### What is needed
Return only the final portion of the entries: the line with "Close-up of a" and every line after it, each one exact.

★ ★ ★

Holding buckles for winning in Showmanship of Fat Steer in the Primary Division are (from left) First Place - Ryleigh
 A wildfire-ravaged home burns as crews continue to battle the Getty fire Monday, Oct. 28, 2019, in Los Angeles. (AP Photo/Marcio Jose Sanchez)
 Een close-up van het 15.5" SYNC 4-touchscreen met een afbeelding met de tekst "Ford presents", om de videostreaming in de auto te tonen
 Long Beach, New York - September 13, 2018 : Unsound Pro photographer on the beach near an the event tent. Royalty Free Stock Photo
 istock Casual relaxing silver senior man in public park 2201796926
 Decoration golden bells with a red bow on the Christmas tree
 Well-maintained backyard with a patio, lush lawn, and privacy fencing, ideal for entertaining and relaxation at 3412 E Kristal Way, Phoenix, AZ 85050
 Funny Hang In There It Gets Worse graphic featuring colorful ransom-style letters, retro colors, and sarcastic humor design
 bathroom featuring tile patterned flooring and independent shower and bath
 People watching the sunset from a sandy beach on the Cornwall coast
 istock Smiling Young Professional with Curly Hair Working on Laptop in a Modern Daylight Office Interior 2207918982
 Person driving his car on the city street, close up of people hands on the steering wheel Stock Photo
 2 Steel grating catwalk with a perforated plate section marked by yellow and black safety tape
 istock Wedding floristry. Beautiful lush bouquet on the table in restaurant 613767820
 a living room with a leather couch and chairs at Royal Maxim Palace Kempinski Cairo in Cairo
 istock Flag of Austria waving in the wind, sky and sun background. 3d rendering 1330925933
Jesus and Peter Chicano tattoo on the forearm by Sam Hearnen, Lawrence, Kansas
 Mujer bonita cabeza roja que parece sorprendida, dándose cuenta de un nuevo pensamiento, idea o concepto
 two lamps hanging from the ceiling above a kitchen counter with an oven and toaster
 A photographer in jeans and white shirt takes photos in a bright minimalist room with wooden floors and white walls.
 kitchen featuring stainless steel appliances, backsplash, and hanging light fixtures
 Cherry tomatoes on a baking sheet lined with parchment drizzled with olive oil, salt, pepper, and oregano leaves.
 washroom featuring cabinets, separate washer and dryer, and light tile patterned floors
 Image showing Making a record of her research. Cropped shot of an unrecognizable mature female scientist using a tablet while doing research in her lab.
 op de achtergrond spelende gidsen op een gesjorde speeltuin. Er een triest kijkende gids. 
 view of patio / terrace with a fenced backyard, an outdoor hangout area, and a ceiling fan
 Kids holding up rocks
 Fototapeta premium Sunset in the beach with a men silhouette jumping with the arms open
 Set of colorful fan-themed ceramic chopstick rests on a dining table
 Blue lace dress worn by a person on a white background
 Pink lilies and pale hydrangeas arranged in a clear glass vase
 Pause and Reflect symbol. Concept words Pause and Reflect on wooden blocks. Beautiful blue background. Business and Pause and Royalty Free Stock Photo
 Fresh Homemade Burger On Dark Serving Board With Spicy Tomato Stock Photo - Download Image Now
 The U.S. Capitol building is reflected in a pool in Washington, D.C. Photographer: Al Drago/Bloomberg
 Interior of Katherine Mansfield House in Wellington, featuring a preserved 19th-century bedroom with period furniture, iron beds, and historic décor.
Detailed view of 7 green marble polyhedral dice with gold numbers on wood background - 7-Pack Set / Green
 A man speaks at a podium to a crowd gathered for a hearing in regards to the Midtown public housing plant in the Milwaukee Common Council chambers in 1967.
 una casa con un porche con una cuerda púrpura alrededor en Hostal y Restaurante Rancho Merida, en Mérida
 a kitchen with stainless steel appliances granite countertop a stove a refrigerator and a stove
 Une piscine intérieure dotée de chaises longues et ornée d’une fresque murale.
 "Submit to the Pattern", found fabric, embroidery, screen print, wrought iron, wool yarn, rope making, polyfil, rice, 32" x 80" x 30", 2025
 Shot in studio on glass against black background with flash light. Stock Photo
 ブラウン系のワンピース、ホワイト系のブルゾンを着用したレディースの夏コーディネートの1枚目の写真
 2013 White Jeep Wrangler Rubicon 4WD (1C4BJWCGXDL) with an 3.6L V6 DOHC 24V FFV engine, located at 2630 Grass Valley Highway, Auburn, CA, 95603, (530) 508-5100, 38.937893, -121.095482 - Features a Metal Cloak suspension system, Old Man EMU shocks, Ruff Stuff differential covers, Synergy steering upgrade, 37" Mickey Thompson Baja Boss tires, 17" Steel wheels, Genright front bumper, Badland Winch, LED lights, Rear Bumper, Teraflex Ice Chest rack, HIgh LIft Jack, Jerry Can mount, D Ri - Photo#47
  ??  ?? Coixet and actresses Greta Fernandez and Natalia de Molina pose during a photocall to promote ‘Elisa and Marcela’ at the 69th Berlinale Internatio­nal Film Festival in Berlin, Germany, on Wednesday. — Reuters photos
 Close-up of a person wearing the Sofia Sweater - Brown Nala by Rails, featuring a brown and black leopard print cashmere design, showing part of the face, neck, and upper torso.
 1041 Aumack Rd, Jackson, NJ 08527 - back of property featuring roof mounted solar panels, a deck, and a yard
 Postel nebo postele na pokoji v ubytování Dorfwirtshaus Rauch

★ ★ ★

### Solved exercise
 Close-up of a person wearing the Sofia Sweater - Brown Nala by Rails, featuring a brown and black leopard print cashmere design, showing part of the face, neck, and upper torso.
 1041 Aumack Rd, Jackson, NJ 08527 - back of property featuring roof mounted solar panels, a deck, and a yard
 Postel nebo postele na pokoji v ubytování Dorfwirtshaus Rauch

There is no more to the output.